Finalmente poté vedere il corpo nel quale era stato per tutta la giornata, perché grassottello, con doppio mento e vestiti d’epoca, Antonio Scarpa troneggiava sul tavolo del teatro anatomico e guardando tutti con aria compiaciuta gridò: -Amici, sono lieto di comunicarvi che la mia ricerca è giunta a termine. Prima di morire, sapete, espressi un desiderio. Chiesi che la mia testa venisse conservata in formalina con gli occhi aperti perché desideravo vedere!  Vedere la scienza crescere e il mondo con essa, ma con gli anni il mio cristallino si è opacizzato, mi è venuta la cataratta, e ciò che prima era luce si è trasformato in oscurità. Allora i giorni si sono fatti tetri e la noia ha regnato sovrana, ma oggi, io, Antonio Scarpa, grazie al mio amico Nicolino Stivale, per un meccanismo a me ignoto, sono ritornato a vivere per un giorno in questo mondo. Io e Nicolino ci siamo mischiati e abbiamo incominciato a vivere insieme, non sapendo dove iniziasse l’uno e dove finisse l’altro. Ora devo andare, ma ricordate, la scienza è vera solo se guidata dal rispetto per l’uomo-. Detto questo scomparve. Tutto fu inghiottito dalla nebbia.
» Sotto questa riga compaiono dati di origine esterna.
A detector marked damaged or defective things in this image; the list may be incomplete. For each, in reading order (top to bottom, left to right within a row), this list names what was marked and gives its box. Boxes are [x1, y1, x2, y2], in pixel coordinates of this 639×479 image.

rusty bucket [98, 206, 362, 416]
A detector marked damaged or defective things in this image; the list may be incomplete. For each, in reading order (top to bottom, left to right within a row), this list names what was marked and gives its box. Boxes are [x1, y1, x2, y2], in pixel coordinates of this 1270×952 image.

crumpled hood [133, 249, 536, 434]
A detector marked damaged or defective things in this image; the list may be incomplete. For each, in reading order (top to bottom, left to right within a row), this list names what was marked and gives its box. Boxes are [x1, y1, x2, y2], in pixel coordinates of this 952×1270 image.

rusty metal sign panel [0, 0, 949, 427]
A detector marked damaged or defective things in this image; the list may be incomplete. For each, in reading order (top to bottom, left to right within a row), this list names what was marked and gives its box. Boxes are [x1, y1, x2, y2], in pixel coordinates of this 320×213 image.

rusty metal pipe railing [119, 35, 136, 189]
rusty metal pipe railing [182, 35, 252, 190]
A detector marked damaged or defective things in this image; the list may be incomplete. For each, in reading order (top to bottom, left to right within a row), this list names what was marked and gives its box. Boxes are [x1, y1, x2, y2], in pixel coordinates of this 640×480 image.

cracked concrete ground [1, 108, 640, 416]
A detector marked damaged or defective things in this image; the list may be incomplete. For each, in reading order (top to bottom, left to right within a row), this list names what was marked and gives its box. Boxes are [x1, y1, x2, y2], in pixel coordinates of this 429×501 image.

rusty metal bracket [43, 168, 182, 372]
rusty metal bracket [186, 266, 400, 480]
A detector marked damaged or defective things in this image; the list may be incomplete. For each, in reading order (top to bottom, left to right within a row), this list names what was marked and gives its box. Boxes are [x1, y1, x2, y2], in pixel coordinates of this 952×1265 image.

 Nicolino aprì gli occhi, si trovava nel suo letto, era tutto sudato. Si alzò di scatto, corse davanti allo specchio per accertarsi delle sue sembianze. Tirò un sospiro di sollievo e infilati dei vecchi indumenti si fiondò alla sede centrale per guardare la testa di Scarpa. Era lì, impassibile, immersa fino ai capelli nella formalina a guardare tutti i visitatori che passavano. La visione della testa era, per Nicolino, motivo di certezza, la certezza che tutto ciò che aveva vissuto era stato solamente un sogno. Si stava per allontanare, aveva fatto pochi passi, quando, rivolgendo l’ultimo sguardo al viso del maestro, notò che questi gli aveva fatto l’occhiolino! Nicolino scappò fuori dal museo terrorizzato, sforzandosi di dimenticare tutta quella strana storia, imputando l’accaduto alla suggestione. Le campane del duomo suonarono proprio in quel momento, era quasi ora di andare a lezione.